The terms “branch” and “trunk” follow the standard nomenclature introduced in the DeepONet literature. The branch network encodes functional inputs or conditioning variables (here, the initial condition $u_0$), while the trunk network (typically smaller) operates on space and time $(x, t)$. I do not keep to these strict definitions here; the rate constant $\kappa$ and the ambient temperature $T_s$ are fed directly into the trunk network alongside $x$ and $t$. I think the important distinction is point-wise conditioning (trunk) versus global conditioning (branch), not conditioning versus physics.

Figure 2: Branch-MLP versus Conv-Branch network architectures for the embedding approach.

Let’s delve deeper into the branch network.
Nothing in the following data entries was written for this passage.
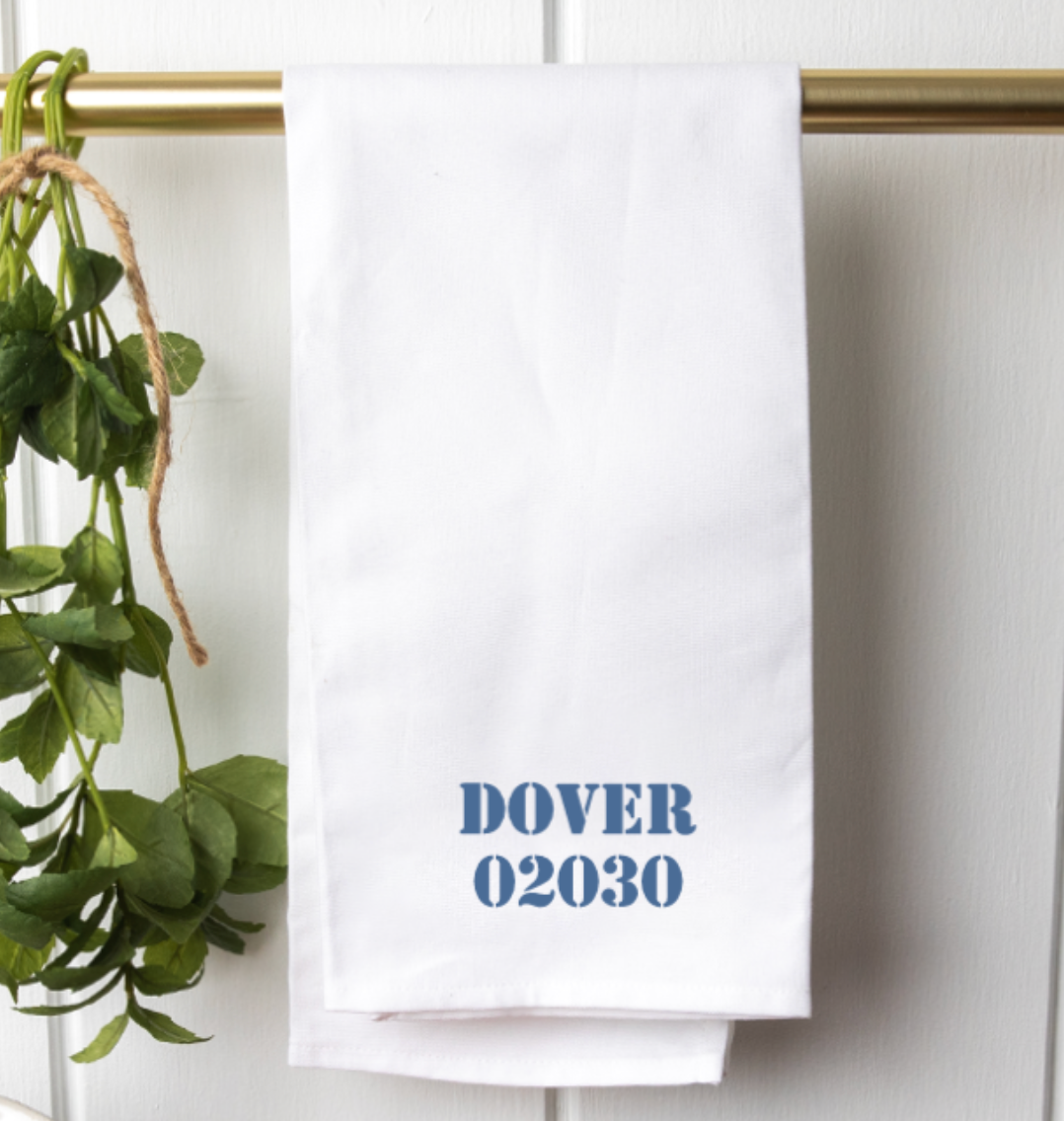 A white cotton tea towel with the text 'DOVER 02030' printed in blue ink, displayed on a banister alongside a green plant. Available at Be Charmed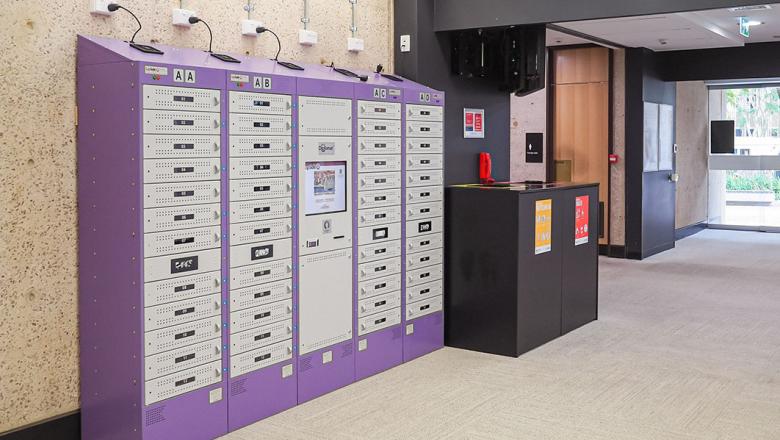 Laptop locker with individual slots to collect and return laptops and a central screen for borrowing.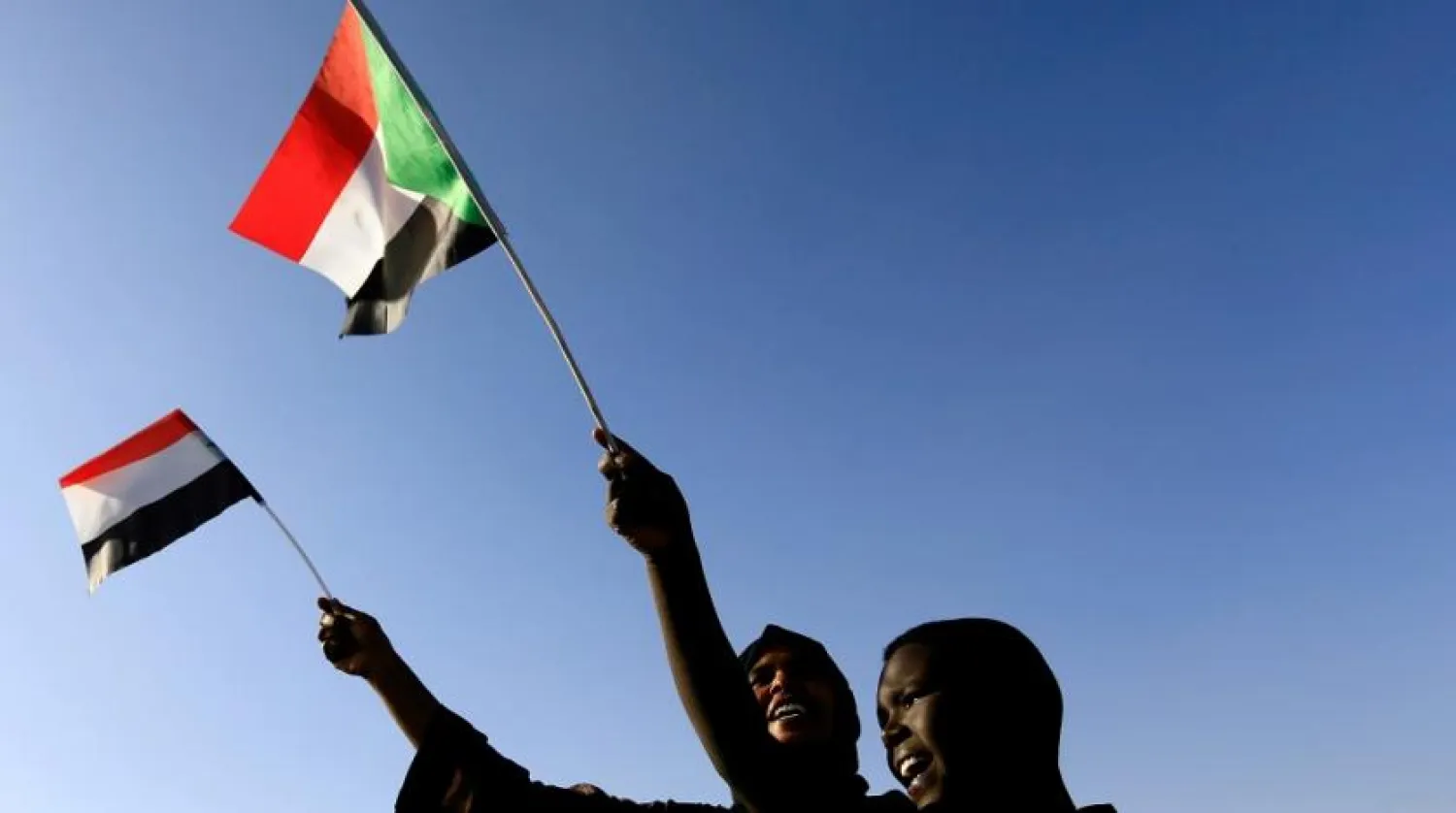 Sudanese civilians wave their national flag as they gather at the freedom square during the first anniversary of the start of the uprising that toppled Omar al-Bashir, in Khartoum, Sudan, Dec. 19, 2019. (Reuters)
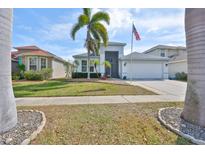Charming home with well-maintained landscaping, palm trees, and an American flag at 5124 Clover Mist Dr, Apollo Beach, FL 33572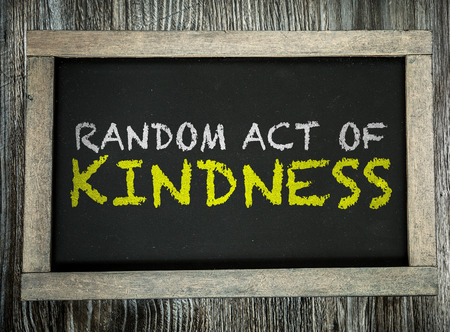 Random Act of Kindness written on chalkboardの写真素材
It’s input (the initial condition) contains a lot of spatial dependence. In this way, it shares many of the characteristics of images. Images are also mostly smooth except for sharp lines or corners. This observation has led SciML researchers to use convolutional layers in the branch network. They use it all the time, but somehow rarely seem to mention it in their writings. Convolutions exploit locality, making them have a much more natural inductive bias for processing functions than fully connected layers. Convolutional layers are forced to interpret neighboring inputs as points that are close in physical space, which is exactly what we need. For an MLP, adjacent input neurons are just that: fully independent.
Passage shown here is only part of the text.